Babies currently receive 25 vaccines before they are two years old making it a very congested vaccination programme.
Your report raises some important questions:
How do the UK vaccine-policy makers know this vaccine is safe and effective when given in combination with other vaccines?
If a baby has a severe adverse reaction how will the health professional determine which vaccine component has caused it?
Will the reporting of suspected adverse reactions be made compulsory? (Currently, in practice, it is at the health professional's discretion.)
Will all reported adverse reactions be investigated thoroughly and followed up to determine if the child has fully recovered or deteriorated? (Currently, I understand, this is not done.)
Will all parents be informed that there is a Government Vaccine Damage Payment Unit (VDPU) designed to assess cases were the child is 60% vaccine damaged or more? (Currently this is not done.)

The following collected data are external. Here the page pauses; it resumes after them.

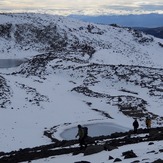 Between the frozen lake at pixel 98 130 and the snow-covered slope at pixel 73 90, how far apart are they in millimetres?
493

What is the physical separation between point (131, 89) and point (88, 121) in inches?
606

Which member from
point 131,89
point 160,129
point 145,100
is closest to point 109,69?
point 131,89

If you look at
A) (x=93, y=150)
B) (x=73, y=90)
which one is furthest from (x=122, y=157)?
(x=73, y=90)

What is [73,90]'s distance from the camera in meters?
44.0

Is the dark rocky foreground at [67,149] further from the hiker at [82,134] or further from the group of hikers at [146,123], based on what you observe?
the group of hikers at [146,123]

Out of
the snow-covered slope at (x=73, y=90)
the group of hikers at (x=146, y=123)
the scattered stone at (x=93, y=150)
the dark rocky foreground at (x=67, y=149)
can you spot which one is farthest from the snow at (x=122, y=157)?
the snow-covered slope at (x=73, y=90)

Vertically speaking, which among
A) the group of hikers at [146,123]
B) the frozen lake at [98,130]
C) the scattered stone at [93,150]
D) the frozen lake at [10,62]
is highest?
the scattered stone at [93,150]

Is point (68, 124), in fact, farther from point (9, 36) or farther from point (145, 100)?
point (9, 36)

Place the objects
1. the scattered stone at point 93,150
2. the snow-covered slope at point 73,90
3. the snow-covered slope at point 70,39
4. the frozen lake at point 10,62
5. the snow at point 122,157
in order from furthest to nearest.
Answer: the snow-covered slope at point 70,39 < the frozen lake at point 10,62 < the snow-covered slope at point 73,90 < the scattered stone at point 93,150 < the snow at point 122,157

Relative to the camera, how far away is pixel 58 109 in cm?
3638

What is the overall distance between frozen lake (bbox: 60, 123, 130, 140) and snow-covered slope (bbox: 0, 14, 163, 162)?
0.49 metres

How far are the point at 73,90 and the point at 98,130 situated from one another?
545 inches

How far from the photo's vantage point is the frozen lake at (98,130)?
1148 inches

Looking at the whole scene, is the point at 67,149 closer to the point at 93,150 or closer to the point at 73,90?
the point at 93,150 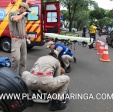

Will parents be informed that if their baby dies following routine vaccines the VDPU cannot investigate the case? (There is a clause in the Act which specifies that a parent can only apply for assessment once the infant has passed his/her 2nd birthday.)
The UK Government accepts and condones the under-reporting of adverse vaccine reactions which is estimated to be in excess of 90%. If data on suspected reactions is not collected accurately and the few reports that are put forward are not investigated thoroughly by the MHRA how does the Government reach conclusions on the safety of vaccines?
While I, and I expect every parent, welcomes the opportunity to reduce the risk of meningitis in some children, this vaccine will be rolled out across all children and we surely have to do everything possible to ensure no child is accidentally harmed in the process. A child damaged by meningitis or a child damaged by a vaccine, both matter, both count.